*** RECORDED INFORMATION Section Begins ***

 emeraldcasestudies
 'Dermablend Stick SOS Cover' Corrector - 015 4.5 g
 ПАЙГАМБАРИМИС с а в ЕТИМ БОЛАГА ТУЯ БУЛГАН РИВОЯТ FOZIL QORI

*** RECORDED INFORMATION Section Ends ***

WHAT IS NEEDED:
Copy the listing above. Match every line exactly.

THE COMPLETED TASK:
 emeraldcasestudies
 'Dermablend Stick SOS Cover' Corrector - 015 4.5 g
 ПАЙГАМБАРИМИС с а в ЕТИМ БОЛАГА ТУЯ БУЛГАН РИВОЯТ FOZIL QORI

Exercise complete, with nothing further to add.